Things they are a-changing, and nothing is changing as fast it seems as the face of publishing these days.

I was over on the Smashwords site while ago. I have the rights back now to my Mysterious Ways series and I am looking to put them out for the Kindle. This site had a paragraph addressed to literary agents that intrigued me. It said:

"The next chapter of the indie ebook revolution may very well be written by literary agents.  Literary agents are trusted business advisors to the world's most commercially successful authors.  As a business advisor and
author advocate, the agent's role is to help the author maximize the commercial potential of their work.  Indie ebook publishing via Smashwords represents an exciting complement and/or alternative to traditional
publishing.  Agents can help authors bring their reverted-rights works back to life as ebooks, or can publish an author's unpublished works that for one reason or another cannot be sold to a commercial publisher."

Now, I don't know that this is the route that I want to go, but the concept of what they are talking about interests me. It isn't the first that I've heard of it. Historically, any agent that charged for other services was in violation of the basic tenents of being an agent, particularly if they happen to be an AAR member. But I keep hearing that this may be changing in regards to select options that agents may be doing for their clients and this is one option I hear brought up a lot.

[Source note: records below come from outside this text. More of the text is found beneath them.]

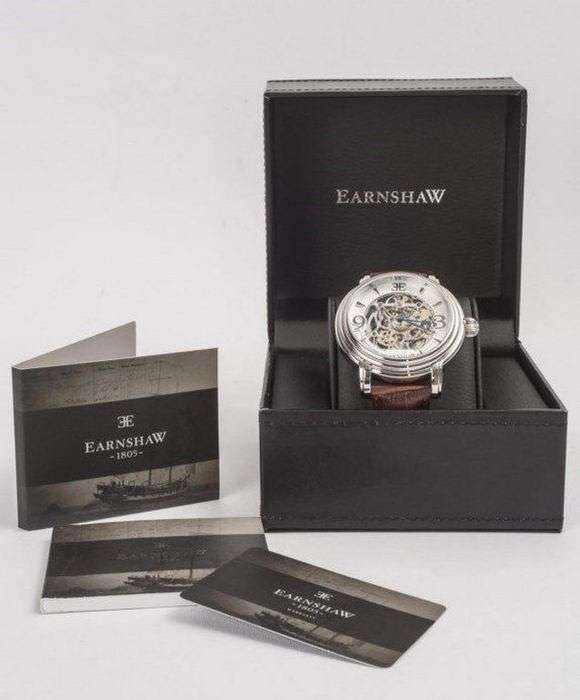 Retail: R9,900.00 Earnshaw LONDON Longcase Grande Skeleton Automatic Watch BRAND NEW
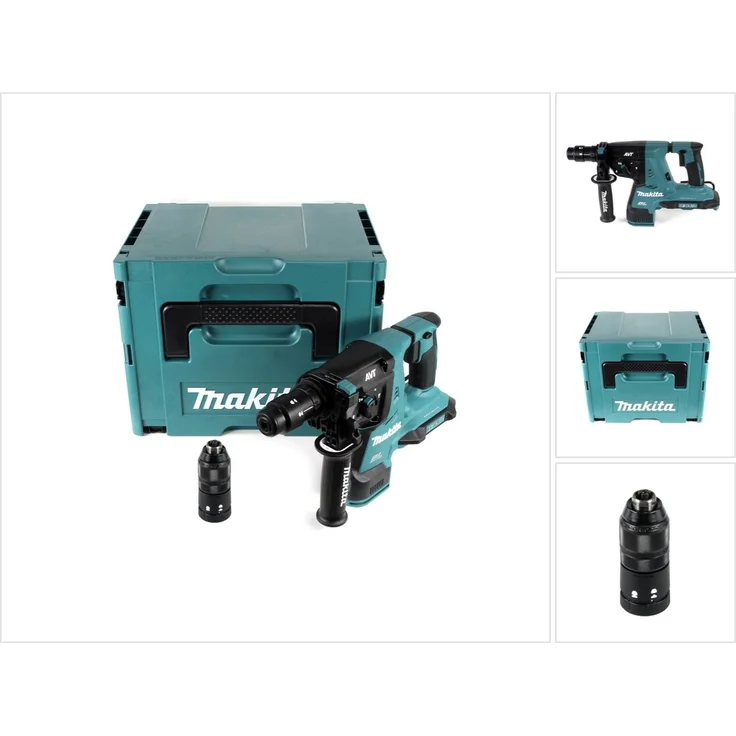 Makita DHR281ZJ 2x18V SDS-Plus Akku-Kombi-Hammer ohne Akku, ohne Ladegerät mit Makpac Gr. 4 mit Tiefziehteil – Bild 2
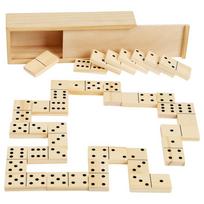 Domino rinkinys suaugusiems Klasikinis stalo žaidimas Dvigubas šešiukės domino žaidimo rinkinys su suktuku Plytelės su mediniu dėklu 2-4 žaidėjai Šachmatai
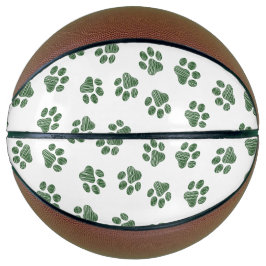 Doodle Paws, Dog Paws, Groene Paws Basketbal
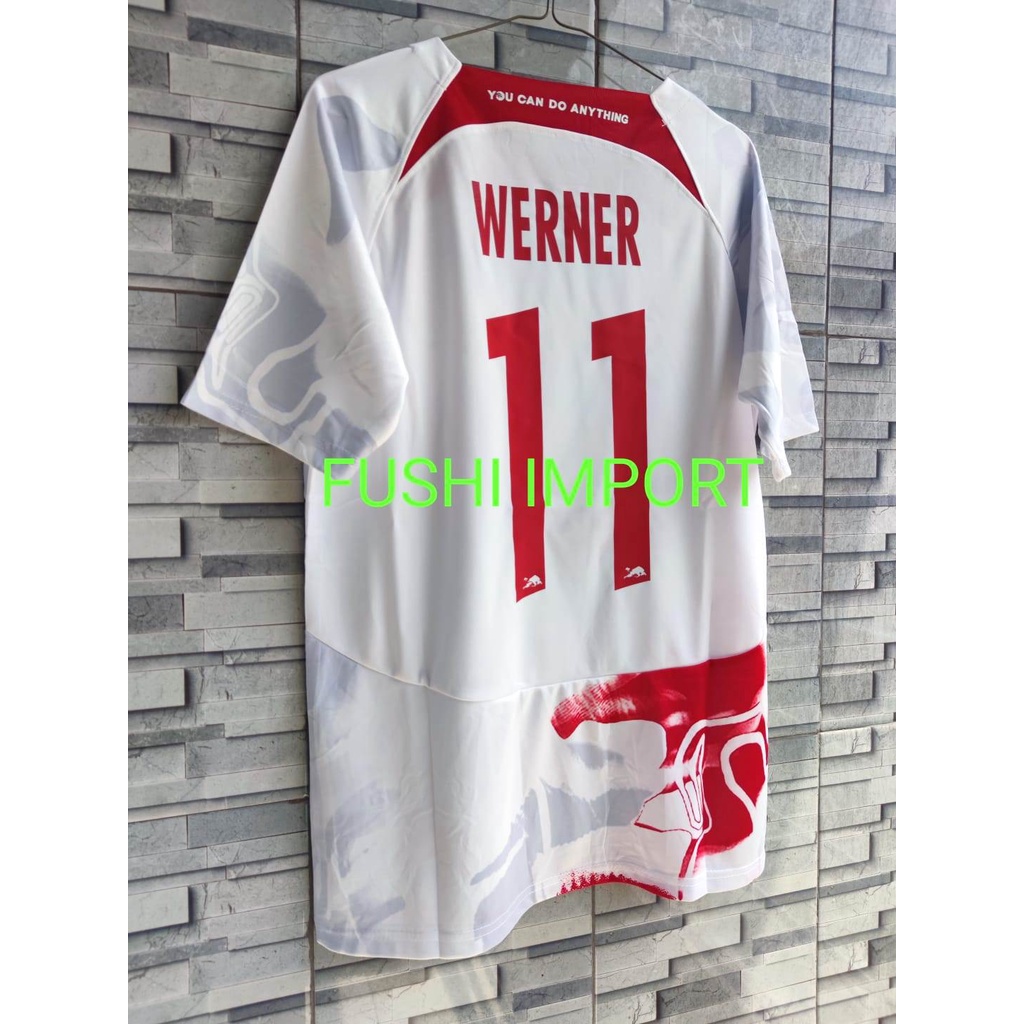 Jersey Baju Bola RB Leipzig Home 2022 2023 Grade Ori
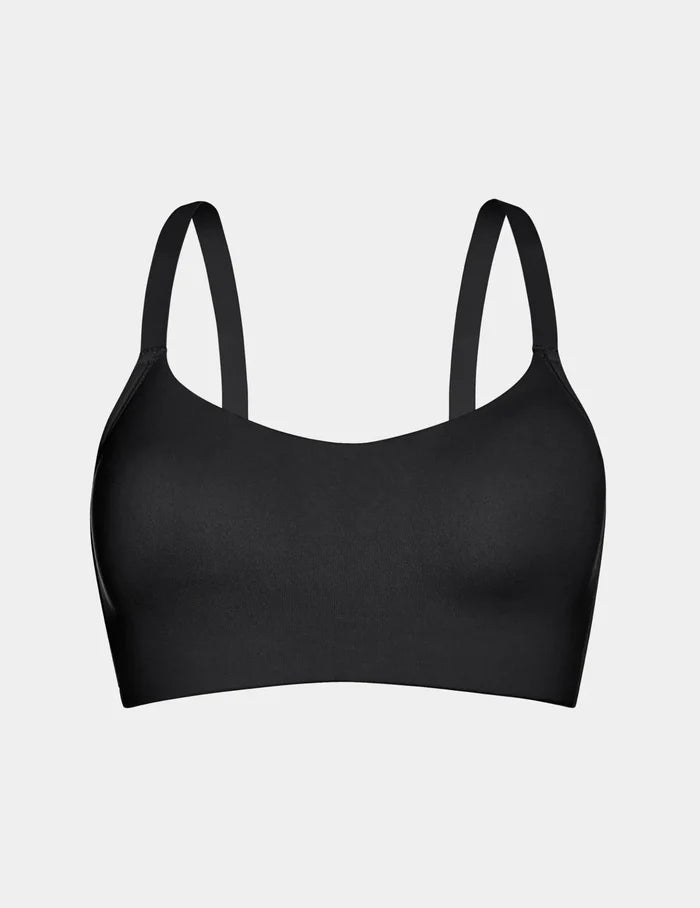 | View of One&Only Scoop Bra® shown front-facing against a light gray background | Black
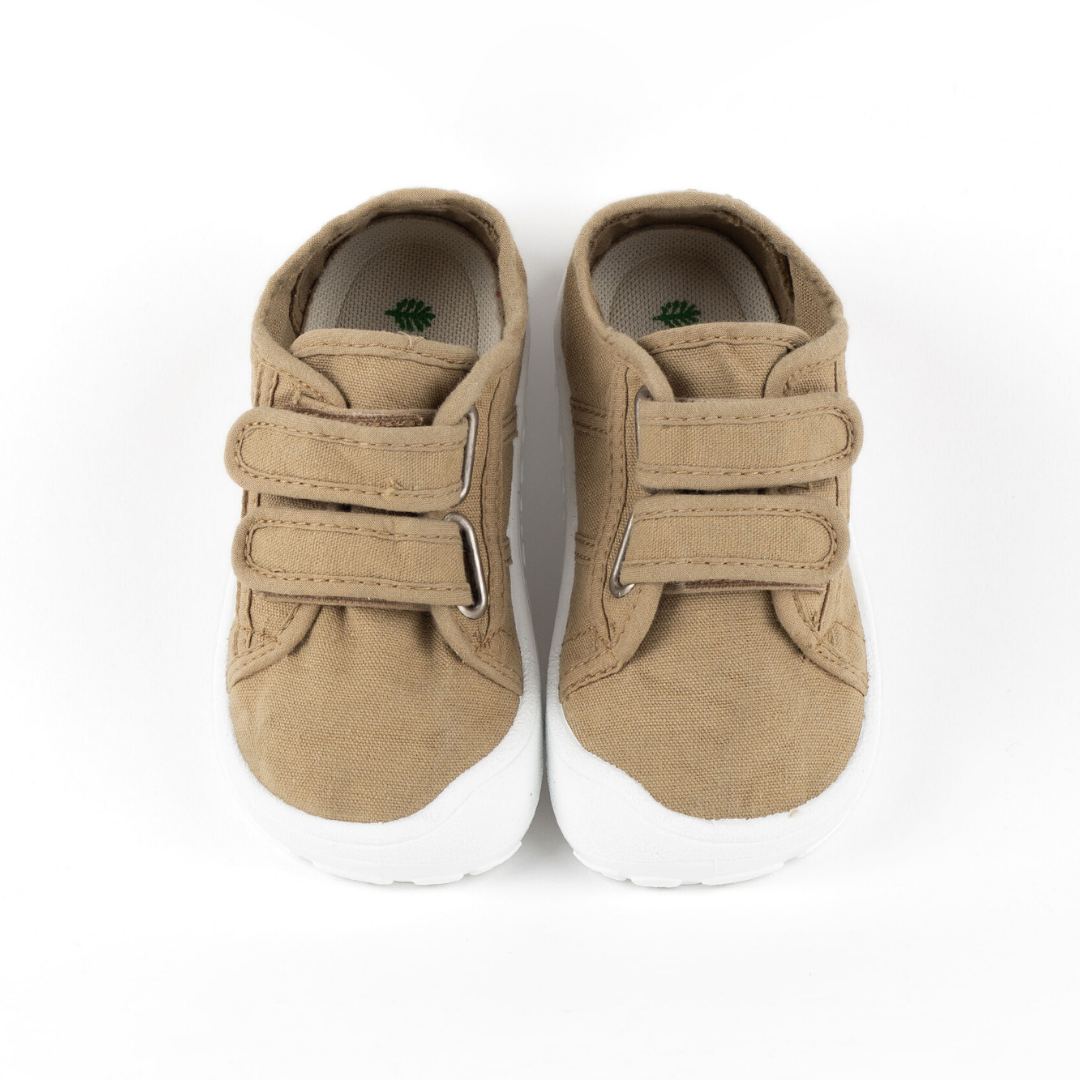 Bosco Canvas Velcro Barefoot Sneakers by Victoria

I know a number of agents that are holding back ebook rights and trying to negotiate them separately to someone set up to get them to market on the new e-readers. This market is exploding, and can no longer be considered just something we throw in the deal for a publisher. Is the next logical step to actually be involved in the upload of the books themselves?

What do you think? 


Karen said...

I was just involved in a discussion of ebooks on a travel forum for those who love to cruise. While a few are still holdouts for the printed page, the majority loves the option of downloading a small library and sticking it in a carry-on. The technology is also moving along and more and more versions--some by lesser known companies, are coming out. E-rights for periodicals and e-rights for books are going to have to be more well defined in contracts. Absolutely.

Timothy Fish said...

To me, that seems like the agent is becoming the publisher.

Jeanette Levellie said...

We can't move backwards, Terry. If riding the wave to publication means I pay my agent for a contract to an ebook, then show me where to buy a wetsuit, please. Today.

Terry Burns said...

Timothy, Bill Jensen has responded by forming Eagle Rock Publications in addition to being an agent and is doing precisely that. We're still looking at what our response to this should be.

Cheryl Linn Martin said...

Interesting and exciting "stuff of the future--Now!" Keep us posted on your journey with your books.

Me, I'd just like to get published any ole way! : )

Bonnie S. Calhoun said...

I know that my Kindle is the new "crack". I am so hooked on it that it is unbelievable! I'm presently reading a 16 book series and I downloaded them all from Kindle.